## Activity
Write out word for word the lines from the one holding "Capitalize Off Pain Reaction [upl. by Sivel]" through the end of the data, and only those lines. Pictures stay out.

## Input data

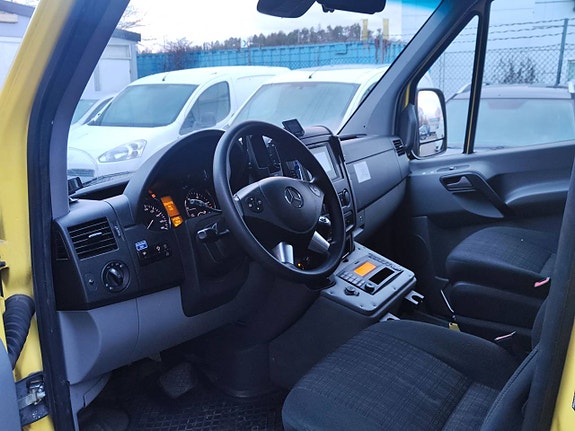 Mercedes-Benz Sprinter 316 7 of 11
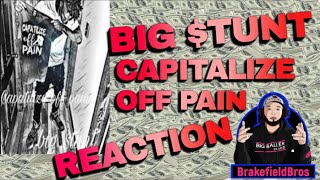 Capitalize Off Pain Reaction [upl. by Sivel]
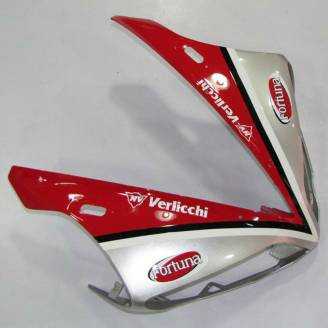 Painted street fairings in abs compatible with Yamaha R1 2004 - 2006 - MXPCAV11477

## Response box
 Capitalize Off Pain Reaction [upl. by Sivel]
 Painted street fairings in abs compatible with Yamaha R1 2004 - 2006 - MXPCAV11477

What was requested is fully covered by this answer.